Conflicts of Interest and Confidentiality: Directors Beware!
This article is part of a series of bulletins on governance published in 2018, one of which dealing with the duties and obligations of directors.1 Two concepts flowing from the duty of loyalty of directors are conflicts of interest and confidentiality.
It is useful to begin with a review of the relevant provisions of the Civil Code of Québec (the “CCQ”)2 in this regard:
322. A director shall act with prudence and diligence.
He shall also act with honesty and loyalty in the interest of the legal person.
323. No director may mingle the property of the legal person with his own property nor may he use for his own profit or that of a third person any property of the legal person or any information he obtains by reason of his duties, unless he is authorized to do so by the members of the legal person.
324. A director shall avoid placing himself in any situation where his personal interest would be in conflict with his obligations as a director.
A director shall declare to the legal person any interest he has in an enterprise or association that may place him in a situation of conflict of interest and of any right he may set up against it, indicating their nature and value, where applicable. The declaration of interest is recorded in the minutes of the proceedings of the board of directors or the equivalent.
2138. A mandatary is bound to fulfill the mandate he has accepted, and he shall act with prudence and diligence in performing it.
He shall also act honestly and faithfully in the best interests of the mandatory, and shall avoid placing himself in a position where his personal interest is in conflict with that of his mandatory.
2146. The mandatary may not use for his benefit any information he obtains or any property he is charged with receiving or administering in the performance of his mandate, unless the mandator consents to such use or such use arises from the law or the mandate.
If the mandatary uses the property or information without authorization, he shall indemnify the mandator by paying, in addition to any indemnity for which he may be liable for injury suffered, in the case of information, an amount equal to the enrichment he obtains or, in the case of property, appropriate rent or the interest on the sums used.
Conflicts of interest
The concept of a conflict of interest (art. 324 CCQ) stems from the duty of loyalty, which entails acting at all times in the best interest of the corporation. Despite the theoretical simplicity of this obligation, its practical application is not always straightforward.

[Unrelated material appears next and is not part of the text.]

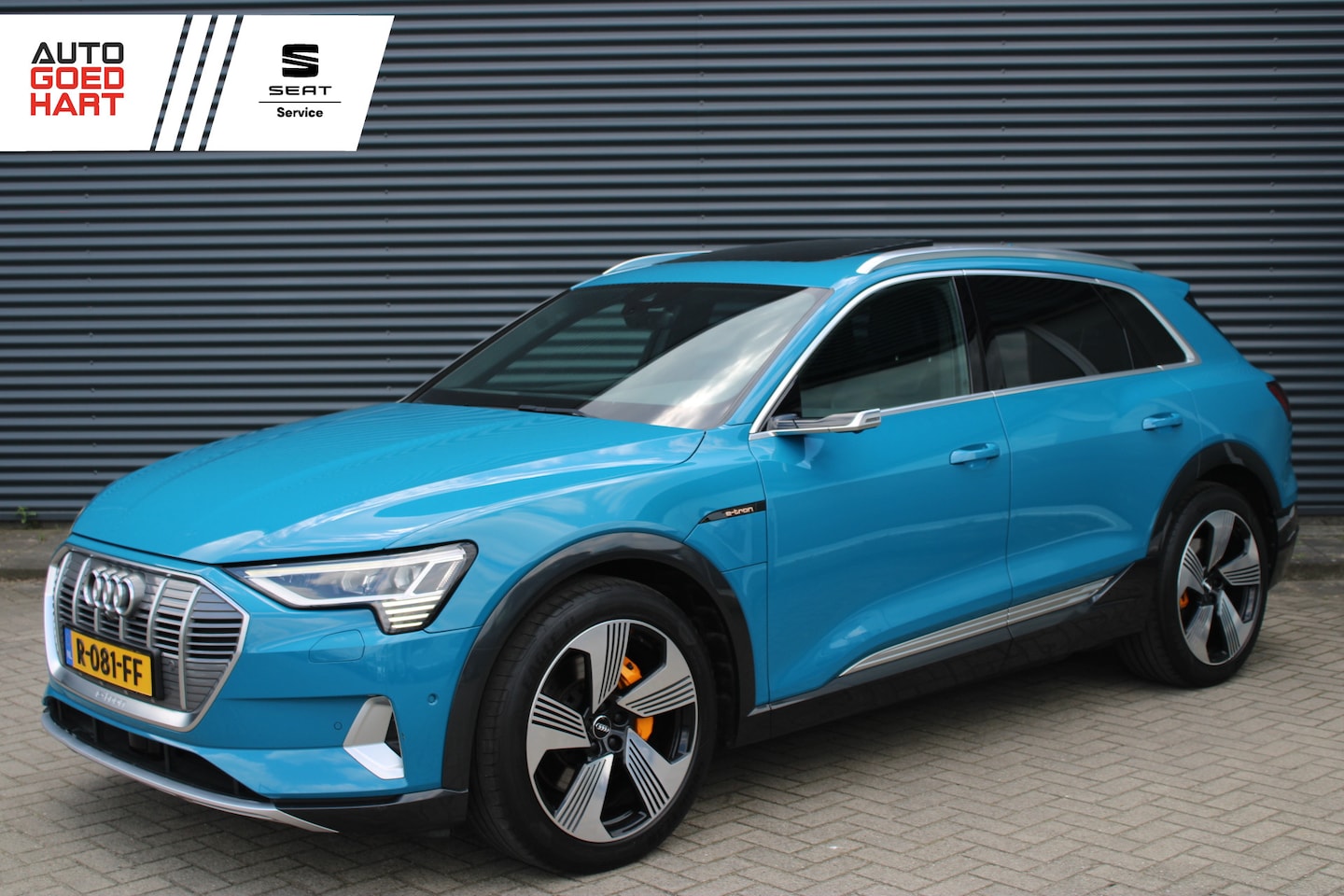 Audi e-tron - e-tron 55 Quattro Advanced Pro Line Plus 95 kWh Panoramadak B&O Camera SOH 96% - AutoWereld.nl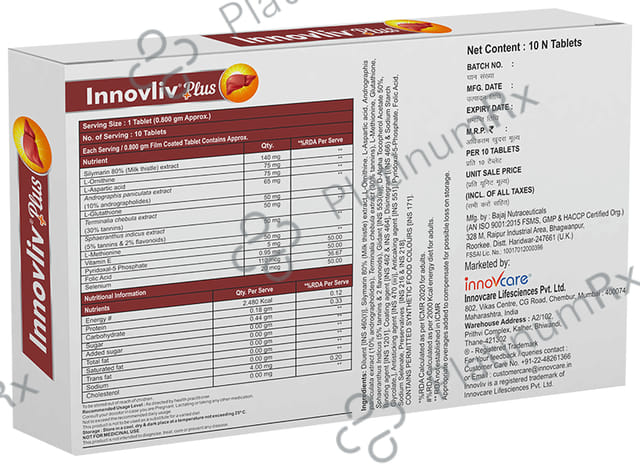 Innovliv Plus Tablet 10s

Among the obvious pitfalls, one can think of cases where directors would be using confidential information or corporate property for their own benefit, or unduly profiting from business opportunities as a result of their role. A director must avoid placing himself in a position of conflict between the interests of the corporation and his own interests or those of persons close to him. In the event of such a conflict, the director must immediately declare its existence to the board and refrain from taking part in discussions in that regard, and above all from voting on the matter.
But what about more complicated cases like that of a nominee director specifically appointed to the board by one or more shareholders? These more complex situations often occur where control of the corporation is held by a limited number of shareholders. The directors appointed by the controlling shareholders will naturally tend to have the interests of those they “represent” at the top of their minds. However, once appointed to the board, such directors must not give precedence to the interests of the shareholders who voted for them if those interests are at odds with those of the corporation. This basic principle is unfortunately often neglected in practice.
When the situation does become problematic because of the negative impact of a corporate decision on a group of shareholders or other stakeholders in particular, the existence of a conflict of interest will generally be one of the primary grounds relied on to challenge and attempt to overturn a board decision, or at the least obtain a financial compensation.
In its decision in BCE3, the Supreme Court of Canada stressed the importance of distinguishing the interests of the shareholders, or of any other stakeholders, from those of the corporation:
66. … However, the directors owe a fiduciary duty to the corporation, and only to the corporation. People sometimes speak in terms of directors owing a duty to both the corporation and to stakeholders. Usually this is harmless, since the reasonable expectations of the stakeholder in a particular outcome often coincide with what is in the best interests of the corporation. However, cases (such as these appeals) may arise where these interests do not coincide. In such cases, it is important to be clear that the directors owe their duty to the corporation, not to stakeholders, and that the reasonable expectation of stakeholders is simply that the directors act in the best interests of the corporation.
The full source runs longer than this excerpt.